When you're done, press control-d (at the start of a line) to finish your test.

There's probably a better way to do this, but here's how I'd make an expression meaning "match any line where it contains an a but no b, OR a b but no a":
Code:
^[^b]*a[^b]*$|^[^a]*b[^a]*$
Looks ugly, but here's how it works:
  • The expression is split in two parts with the | character, which means that the whole expression matches if one or other sub-expressions matches. For example a|b|c is the same as [abc].
  • OK the first of the two sub-expressions is:
    Code:
    ^[^b]*a[^b]*$
  • Let's break it down. The ^ at the start of the expression means "only match this expression if it is anchored to the start of a line".
  • The [^b] part means "match any character which is not b" (yes, it's a little confusing that the ^ means "not" here and "start of line" outside [square brackets]).
  • The * means "the previous bit 0 or more times" (the previous bit being the [^b] - any non-b character).
  • The a is treated as a literal "a" character.
  • The [^b]* as before.
  • The $ means "end of line".
  • So that whole thing ^[^b]*a[^b]*$ means "a whole line containing an a, but no b's".
  • Now you should be able to see that the whole expression says "a line containing an a but no b's or a line containing a b but no a's".
Enjoy
 
Old 12-08-2006, 10:58 AM   #17
zetabill
Member
 
Registered: Oct 2005
Location: Rhode Island, USA
Distribution: Slackware, Xubuntu
Posts: 348

Rep: Reputation: 32
Interesting thread. It's been a while since I took my bash class but I thought that
Code:
ls | grep a*
is only going match any line with zero or more instances of "a"... and that's it. From the way I understood, on the bash command line the "|" (pipe) means take the output from pre-pipe and feed, as a file, the output to post-pipe. So why does grep even have the opportunity to match the glob because it already has the output from ls? I never knew that but it's good to know that now. I'll be sure to put "quotes" around my regular expressions from now on. I also didn't know that there are more than one type of regular expression.

Good stuff.

I do know this, though:
grep = Global Regular Expression Parser
 
Old 12-08-2006, 01:02 PM   #18
matthewg42
Senior Member
 
Registered: Oct 2003
Location: UK
Distribution: Kubuntu 12.10 (using awesome wm though)
Posts: 3,530

Rep: Reputation: 65
[QUOTE=zetabill]Interesting thread. It's been a while since I took my bash class but I thought that
Code:
ls | grep a*
is only going match any line with zero or more instances of "a"... and that's it.
Please re-read post #8. It will usually work, but not for the reason you might think, and when you have more than one file the current working directory it won't work at all.

Quote:
Originally Posted by zetabill
From the way I understood, on the bash command line the "|" (pipe) means take the output from pre-pipe and feed, as a file, the output to post-pipe.
That's a little ambiguous because some programs don't take their input from standard input, or don't write their output to standard output. For example, most of the GNU core utilities (grep included ) will take their input from standard input only if no files are specified as part of the command.

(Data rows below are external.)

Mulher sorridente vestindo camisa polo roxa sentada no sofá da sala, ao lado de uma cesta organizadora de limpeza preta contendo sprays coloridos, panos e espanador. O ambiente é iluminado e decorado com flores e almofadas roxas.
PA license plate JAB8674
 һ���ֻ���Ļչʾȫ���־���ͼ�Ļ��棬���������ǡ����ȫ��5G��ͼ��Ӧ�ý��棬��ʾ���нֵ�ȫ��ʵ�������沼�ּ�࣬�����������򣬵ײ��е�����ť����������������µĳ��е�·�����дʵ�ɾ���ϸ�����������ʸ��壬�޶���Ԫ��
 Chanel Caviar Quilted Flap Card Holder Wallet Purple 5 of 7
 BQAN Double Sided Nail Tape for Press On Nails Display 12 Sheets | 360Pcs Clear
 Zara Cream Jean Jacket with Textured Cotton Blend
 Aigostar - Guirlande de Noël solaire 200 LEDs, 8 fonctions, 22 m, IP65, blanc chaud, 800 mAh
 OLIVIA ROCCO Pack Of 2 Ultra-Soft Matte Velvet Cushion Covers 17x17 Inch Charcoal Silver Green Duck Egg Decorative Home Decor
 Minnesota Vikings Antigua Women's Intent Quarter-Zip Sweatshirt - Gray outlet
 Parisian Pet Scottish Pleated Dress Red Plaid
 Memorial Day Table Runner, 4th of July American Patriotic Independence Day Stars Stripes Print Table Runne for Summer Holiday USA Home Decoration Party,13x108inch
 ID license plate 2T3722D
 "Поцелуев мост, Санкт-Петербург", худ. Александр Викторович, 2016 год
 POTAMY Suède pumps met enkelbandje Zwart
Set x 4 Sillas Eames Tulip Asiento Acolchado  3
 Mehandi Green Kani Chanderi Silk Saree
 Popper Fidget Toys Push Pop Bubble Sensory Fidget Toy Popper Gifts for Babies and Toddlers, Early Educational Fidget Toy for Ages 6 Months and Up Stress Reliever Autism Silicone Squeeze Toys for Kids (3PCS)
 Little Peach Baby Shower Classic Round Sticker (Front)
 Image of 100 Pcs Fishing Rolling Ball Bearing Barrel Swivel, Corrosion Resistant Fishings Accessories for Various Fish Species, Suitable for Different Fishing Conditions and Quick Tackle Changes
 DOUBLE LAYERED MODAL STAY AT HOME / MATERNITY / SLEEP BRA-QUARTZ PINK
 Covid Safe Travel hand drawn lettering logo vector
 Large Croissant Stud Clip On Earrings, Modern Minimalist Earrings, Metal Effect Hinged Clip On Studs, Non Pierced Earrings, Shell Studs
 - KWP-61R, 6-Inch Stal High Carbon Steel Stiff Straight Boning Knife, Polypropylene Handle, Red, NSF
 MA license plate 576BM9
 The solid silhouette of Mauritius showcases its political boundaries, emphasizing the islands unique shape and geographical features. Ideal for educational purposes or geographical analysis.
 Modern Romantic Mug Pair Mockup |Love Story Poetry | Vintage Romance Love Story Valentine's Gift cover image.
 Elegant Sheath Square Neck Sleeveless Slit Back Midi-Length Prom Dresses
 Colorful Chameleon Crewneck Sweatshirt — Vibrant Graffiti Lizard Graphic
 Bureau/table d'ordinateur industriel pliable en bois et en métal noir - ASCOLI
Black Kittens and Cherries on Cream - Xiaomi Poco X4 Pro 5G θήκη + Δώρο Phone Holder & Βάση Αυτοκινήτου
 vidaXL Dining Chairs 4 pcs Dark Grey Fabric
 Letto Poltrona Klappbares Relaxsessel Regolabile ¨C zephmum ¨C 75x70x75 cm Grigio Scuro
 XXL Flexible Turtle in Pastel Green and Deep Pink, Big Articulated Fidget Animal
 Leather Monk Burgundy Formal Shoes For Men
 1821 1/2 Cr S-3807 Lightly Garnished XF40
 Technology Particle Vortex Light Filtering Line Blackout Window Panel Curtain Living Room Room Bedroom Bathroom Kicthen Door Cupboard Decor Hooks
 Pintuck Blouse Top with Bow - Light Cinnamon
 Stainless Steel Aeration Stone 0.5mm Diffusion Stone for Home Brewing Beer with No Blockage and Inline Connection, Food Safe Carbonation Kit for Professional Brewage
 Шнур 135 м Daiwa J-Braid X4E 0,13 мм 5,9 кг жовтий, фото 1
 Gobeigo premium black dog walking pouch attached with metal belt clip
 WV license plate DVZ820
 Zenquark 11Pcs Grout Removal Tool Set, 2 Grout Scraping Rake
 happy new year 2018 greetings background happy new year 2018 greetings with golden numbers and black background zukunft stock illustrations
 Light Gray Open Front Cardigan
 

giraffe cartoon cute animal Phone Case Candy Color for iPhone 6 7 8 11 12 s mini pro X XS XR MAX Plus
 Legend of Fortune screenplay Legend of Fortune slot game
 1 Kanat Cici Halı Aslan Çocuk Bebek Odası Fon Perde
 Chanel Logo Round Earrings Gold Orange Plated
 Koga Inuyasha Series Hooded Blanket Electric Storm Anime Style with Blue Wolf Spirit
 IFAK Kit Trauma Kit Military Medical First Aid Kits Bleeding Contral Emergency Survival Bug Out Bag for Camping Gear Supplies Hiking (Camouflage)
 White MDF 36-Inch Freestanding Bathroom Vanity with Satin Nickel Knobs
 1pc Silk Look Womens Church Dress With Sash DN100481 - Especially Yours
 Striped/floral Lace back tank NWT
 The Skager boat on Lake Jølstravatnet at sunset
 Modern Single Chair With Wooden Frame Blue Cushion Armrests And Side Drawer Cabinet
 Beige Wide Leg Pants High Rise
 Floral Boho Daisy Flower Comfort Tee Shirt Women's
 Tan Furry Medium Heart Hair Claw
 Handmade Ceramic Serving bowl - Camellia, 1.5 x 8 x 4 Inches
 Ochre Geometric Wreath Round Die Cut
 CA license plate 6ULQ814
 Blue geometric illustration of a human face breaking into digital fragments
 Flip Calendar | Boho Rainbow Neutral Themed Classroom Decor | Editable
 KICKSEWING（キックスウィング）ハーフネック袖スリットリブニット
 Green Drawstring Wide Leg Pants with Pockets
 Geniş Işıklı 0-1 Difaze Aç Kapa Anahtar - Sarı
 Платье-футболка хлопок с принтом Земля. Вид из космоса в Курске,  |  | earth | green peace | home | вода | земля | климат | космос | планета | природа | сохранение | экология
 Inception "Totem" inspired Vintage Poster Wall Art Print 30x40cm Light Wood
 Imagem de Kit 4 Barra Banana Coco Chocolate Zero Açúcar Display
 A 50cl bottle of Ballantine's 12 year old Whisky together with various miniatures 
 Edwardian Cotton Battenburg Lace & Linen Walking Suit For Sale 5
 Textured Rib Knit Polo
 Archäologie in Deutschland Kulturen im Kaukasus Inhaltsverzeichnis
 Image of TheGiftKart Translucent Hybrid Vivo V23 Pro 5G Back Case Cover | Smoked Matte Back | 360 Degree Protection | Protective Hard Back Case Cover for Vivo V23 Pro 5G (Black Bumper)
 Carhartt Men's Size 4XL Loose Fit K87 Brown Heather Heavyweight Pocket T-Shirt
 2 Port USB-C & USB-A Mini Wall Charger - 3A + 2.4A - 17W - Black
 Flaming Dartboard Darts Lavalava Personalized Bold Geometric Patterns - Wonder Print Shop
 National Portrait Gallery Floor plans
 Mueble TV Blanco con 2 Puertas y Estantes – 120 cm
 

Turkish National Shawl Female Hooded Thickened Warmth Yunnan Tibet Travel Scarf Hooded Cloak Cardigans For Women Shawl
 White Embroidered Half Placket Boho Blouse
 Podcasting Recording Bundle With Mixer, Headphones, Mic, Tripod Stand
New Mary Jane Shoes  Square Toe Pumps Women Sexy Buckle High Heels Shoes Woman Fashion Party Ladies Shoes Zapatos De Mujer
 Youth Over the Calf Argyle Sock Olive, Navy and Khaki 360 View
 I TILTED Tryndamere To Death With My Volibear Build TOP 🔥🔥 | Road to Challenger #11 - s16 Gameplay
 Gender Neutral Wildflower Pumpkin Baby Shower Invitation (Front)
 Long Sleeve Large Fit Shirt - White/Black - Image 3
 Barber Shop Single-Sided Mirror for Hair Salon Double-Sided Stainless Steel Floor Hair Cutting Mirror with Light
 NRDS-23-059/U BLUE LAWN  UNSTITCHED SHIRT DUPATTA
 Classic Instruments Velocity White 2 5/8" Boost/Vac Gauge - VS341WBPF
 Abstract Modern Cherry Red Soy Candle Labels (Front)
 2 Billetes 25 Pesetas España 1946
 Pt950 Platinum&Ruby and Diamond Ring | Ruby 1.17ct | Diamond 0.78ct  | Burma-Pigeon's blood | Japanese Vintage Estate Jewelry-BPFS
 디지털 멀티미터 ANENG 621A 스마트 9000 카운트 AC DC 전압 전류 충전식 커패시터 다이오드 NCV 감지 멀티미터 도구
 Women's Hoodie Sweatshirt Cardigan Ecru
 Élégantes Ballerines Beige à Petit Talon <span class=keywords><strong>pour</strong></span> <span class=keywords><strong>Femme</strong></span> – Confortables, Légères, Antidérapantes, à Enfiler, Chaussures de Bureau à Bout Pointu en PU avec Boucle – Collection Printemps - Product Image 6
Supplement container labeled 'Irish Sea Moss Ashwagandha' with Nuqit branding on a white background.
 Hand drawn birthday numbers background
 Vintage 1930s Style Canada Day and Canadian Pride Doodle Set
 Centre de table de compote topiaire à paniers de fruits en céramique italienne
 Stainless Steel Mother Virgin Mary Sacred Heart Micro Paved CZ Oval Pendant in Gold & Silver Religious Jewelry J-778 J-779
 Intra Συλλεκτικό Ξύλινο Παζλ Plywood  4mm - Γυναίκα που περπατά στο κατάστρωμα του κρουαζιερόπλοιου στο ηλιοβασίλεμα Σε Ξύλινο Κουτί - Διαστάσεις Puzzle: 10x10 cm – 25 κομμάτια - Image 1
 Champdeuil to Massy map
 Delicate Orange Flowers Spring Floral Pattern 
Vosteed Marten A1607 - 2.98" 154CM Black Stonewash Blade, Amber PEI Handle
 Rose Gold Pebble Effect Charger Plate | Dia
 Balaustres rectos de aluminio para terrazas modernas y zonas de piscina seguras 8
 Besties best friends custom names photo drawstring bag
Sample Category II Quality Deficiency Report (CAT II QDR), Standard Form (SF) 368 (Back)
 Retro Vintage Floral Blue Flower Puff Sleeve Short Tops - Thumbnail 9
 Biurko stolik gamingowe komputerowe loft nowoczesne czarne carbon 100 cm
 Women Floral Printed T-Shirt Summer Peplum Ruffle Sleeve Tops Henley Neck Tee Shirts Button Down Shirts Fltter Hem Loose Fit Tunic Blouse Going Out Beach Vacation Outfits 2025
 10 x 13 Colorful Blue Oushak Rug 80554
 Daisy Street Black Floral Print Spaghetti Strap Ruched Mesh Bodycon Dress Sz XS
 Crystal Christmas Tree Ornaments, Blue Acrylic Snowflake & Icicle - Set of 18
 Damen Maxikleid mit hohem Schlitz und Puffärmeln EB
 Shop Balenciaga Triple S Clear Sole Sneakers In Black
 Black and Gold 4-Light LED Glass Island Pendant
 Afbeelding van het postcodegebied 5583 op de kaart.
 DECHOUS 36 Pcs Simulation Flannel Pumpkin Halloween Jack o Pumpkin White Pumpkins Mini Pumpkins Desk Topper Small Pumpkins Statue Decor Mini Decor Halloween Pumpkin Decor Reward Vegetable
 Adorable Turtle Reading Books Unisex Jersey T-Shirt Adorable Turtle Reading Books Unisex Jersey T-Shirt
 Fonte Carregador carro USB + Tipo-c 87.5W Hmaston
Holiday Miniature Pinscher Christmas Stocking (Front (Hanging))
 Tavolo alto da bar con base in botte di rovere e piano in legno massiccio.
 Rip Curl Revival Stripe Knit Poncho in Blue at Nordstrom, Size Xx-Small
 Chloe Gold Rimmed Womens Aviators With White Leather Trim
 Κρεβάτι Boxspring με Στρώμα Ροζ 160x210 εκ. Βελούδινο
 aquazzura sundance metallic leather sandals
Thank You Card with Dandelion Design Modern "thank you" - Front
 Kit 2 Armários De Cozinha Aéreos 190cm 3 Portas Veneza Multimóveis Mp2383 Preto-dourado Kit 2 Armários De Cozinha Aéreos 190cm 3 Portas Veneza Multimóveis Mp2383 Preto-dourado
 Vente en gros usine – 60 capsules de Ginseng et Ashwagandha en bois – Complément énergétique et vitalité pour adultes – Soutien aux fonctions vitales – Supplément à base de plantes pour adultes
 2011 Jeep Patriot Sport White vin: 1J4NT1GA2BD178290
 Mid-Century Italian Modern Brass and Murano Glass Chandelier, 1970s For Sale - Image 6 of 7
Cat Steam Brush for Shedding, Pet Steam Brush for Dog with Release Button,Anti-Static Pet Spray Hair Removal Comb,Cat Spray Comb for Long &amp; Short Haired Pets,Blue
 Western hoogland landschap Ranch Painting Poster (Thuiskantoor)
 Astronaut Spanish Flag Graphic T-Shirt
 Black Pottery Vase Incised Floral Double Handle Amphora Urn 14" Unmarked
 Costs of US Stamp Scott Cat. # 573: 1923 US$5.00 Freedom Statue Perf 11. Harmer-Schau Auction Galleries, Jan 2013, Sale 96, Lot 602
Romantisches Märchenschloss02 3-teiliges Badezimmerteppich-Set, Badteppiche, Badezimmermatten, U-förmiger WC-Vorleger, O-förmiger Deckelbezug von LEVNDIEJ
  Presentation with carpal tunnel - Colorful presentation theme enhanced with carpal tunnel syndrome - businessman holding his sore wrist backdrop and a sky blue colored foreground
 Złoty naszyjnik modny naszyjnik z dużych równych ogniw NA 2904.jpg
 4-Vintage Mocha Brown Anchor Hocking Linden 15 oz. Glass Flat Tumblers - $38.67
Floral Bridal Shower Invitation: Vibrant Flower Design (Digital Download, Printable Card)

It is more precise to say that the pipe connects the standard output file handle of the command to the left of the pipe symbol to the standard input file handle of the command to the right of the pipe. Thus pipes are only useful for programs which read from stdin and/or write to stdout.

Quote:
Originally Posted by zetabill
So why does grep even have the opportunity to match the glob because it already has the output from ls?
The shell tries to expand glob patterns before passing that argument list to programs. So in the example above, if a* matches any files, that list of files is passed to grep, and grep will not see the pattern. Again, I refer you to post #8, which has a detailed example of what is going on.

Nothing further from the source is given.